Le monastère, c’était affirmer que la prière est une lumière pour le monde, que la présence de Dieu peut tout transfigurer.
L’université. Mais oui, on croyait en effet que par l’étude, on pouvait vaincre le mal. On étudiait tout ce qu’on pouvait, il y avait une énorme bibliothèque, on travaillait la philosophie, la théologie, la médecine, les sciences. C’était une extraordinaire promotion de l’intelligence. On avait bien compris que la sottise était la source principale des fléaux qui ravagent notre monde. Par l’étude, on combat le mal.
Et la tour ? Une énorme tour carrée, de plus de quinze mètres de côté, 20 mètres de haut. La tour est un commentaire de cette lecture que nous avons entendue. C’est à la fin du livre de l’apocalypse, la partie la plus heureuse, joyeuse lumineuse du livre. C’est ce que je vais vous expliquer maintenant.
On nous dit dans ce texte que la Jérusalem Céleste, c’est-à-dire ce à quoi nous sommes destinés, notre demeure, descend du ciel. Grande et haute muraille. En effet cette tour est grande et haute. A l’époque, une muraille, c’est ce qui protège des guerres, des ennemis. A l’intérieur, on est en paix, on ne craint plus les dangers.
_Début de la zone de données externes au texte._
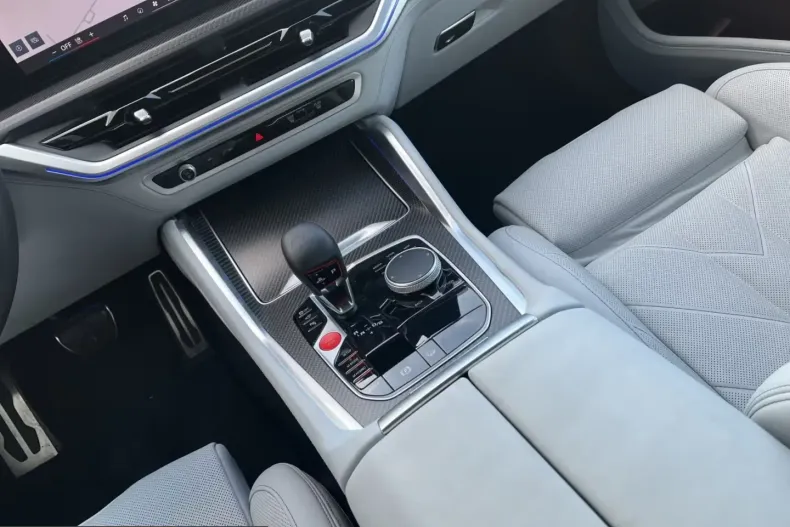 BMW XM (Seria X) din 2024 cu 2.948 km - oferta BMW217070 - foto 12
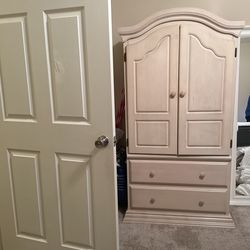 Bellini Dresser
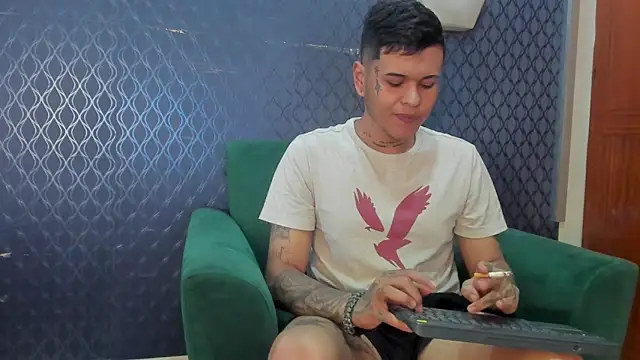 Snapshot of jamesinked_ chatting on October 6, 2025, 5:35 pm jamesinked online show from October 6, 2025, 5:35 pm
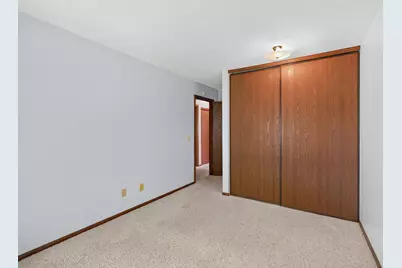 2813 Robinwood Way, Woodbury, MN 55125 - Photo 21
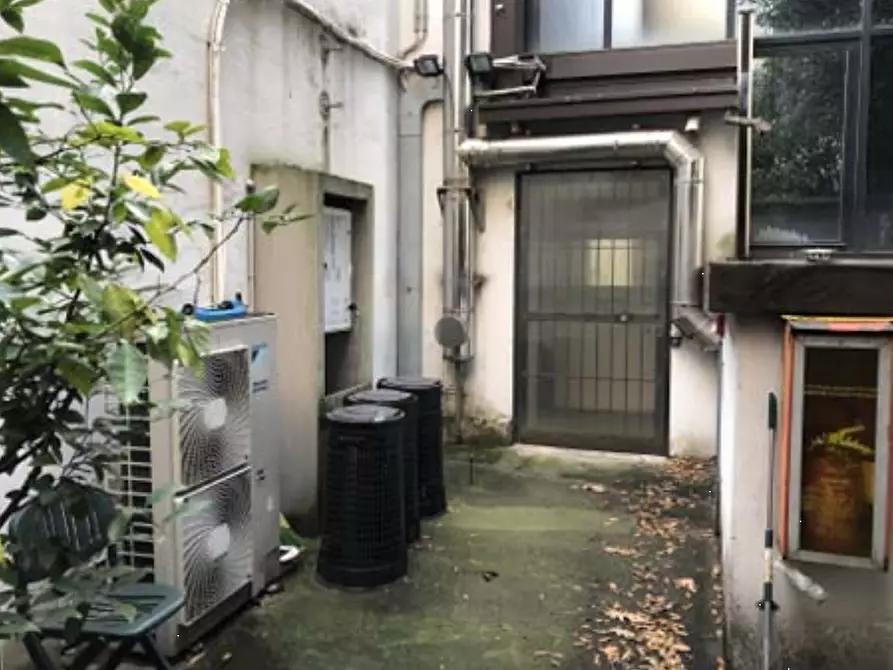 Immagine 12 di Laboratorio in vendita  in Via Giambattista Bodoni a Milano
C’est la garantie de la victoire contre le mal. Mais voilà, elle est percée de douze portes, trois vers le Sud, trois vers le Nord, trois vers l’Ouest, trois vers l’Est. C’est pour que tout le monde puisse y accéder. Ce lieu de paix est destiné à tous, au monde entier. A Saint Benoît, on retrouve ces douze portes et la tour est portée par douze colonnes énormes, ce sont les douze apôtres, nous dit le texte, c’est-à-dire que c’est une image de l’église fondée sur les douze apôtres. C’est par eux qu’a été annoncée la résurrection, c’est sur leur foi qu’est fondée la nôtre, ils sont les racines, les colonnes de l’Eglise dont nous sommes les pierres vivantes.
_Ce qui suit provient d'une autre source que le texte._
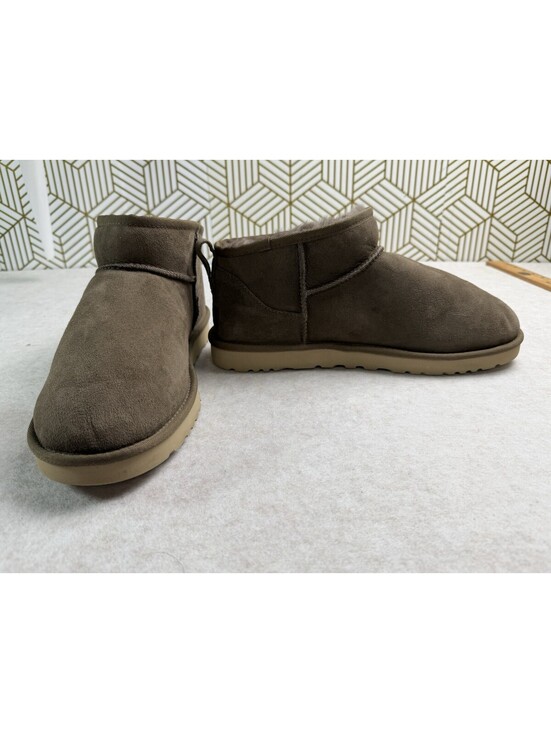 UGG Shoes - UGG Women's Classic Mini Boot Brown Shearling Ankle Bootie Size 11 EU 44 NWOB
Si vous vous souvenez, il nous est dit aussi que dans la Jérusalem céleste, il n’y aura plus de temple, plus d’église ! En effet, nos églises sont le lieu où on célèbre la venue du Christ, où on réveille, on nourrit notre espérance en Dieu. Quand nous serons en Dieu, nous n’aurons pas besoin de célébrer sa venue parmi nous, nous serons en Lui. Nous ne célèbrerons plus le sacrement de la Communion, nous serons en communion avec lui. Les chrétiens d’Orient disent volontiers que nos liturgies sont l’avant-goût du ciel. Ils nous donnent le goût, l’envie de Dieu. C’est pas si mal.
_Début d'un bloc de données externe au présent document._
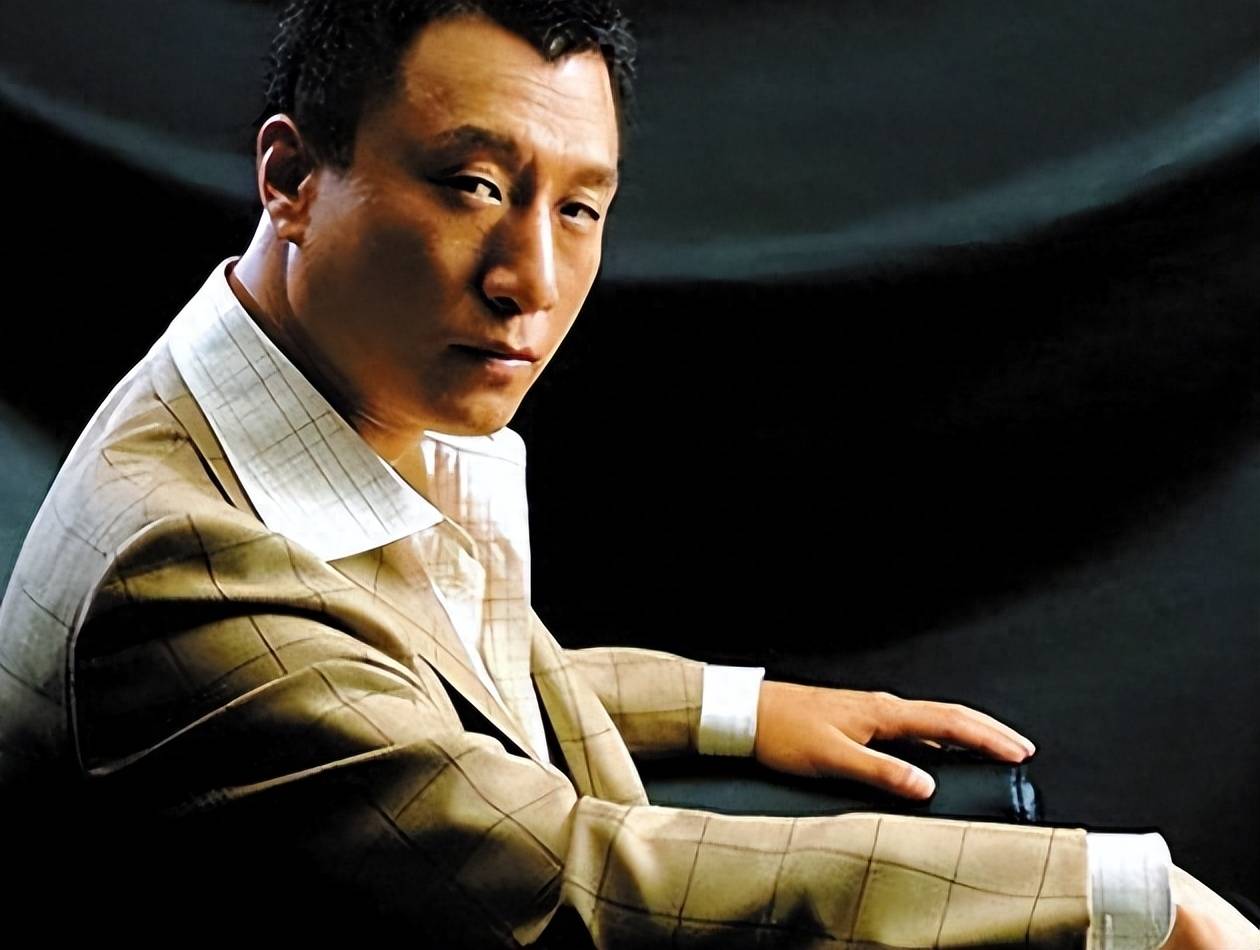 北京时间10月21日下午,中国娱乐圈传来孙红雷和何超莲大瓜消息!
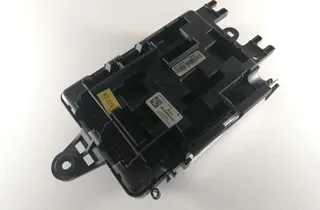 BMW 3 Series F30/F31 (2011-2020) Блок запобіжників 9389070 35102991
Voilà ce que nous dit ce texte de l’apocalypse et voilà ce que nous dit la tour de St Benoît sur Loire. Quand les bâtisseurs de l’an Mil ont construit cette tour, ils ont fait une formidable homélie. Si nous ne sommes pas encore en Dieu, notre espérance, elle est déjà là et elle peut changer nos vies, changer le monde.
Fin de la visite guidée.
Et si vous n’avez pas tout compris, et bien, puisque c’est bientôt l’été et le temps des vacances, allez donc à St Benoît, et là, priez pour vos prêtres, prenez-en soin, si j’ose dire, n’oubliez pas le guide.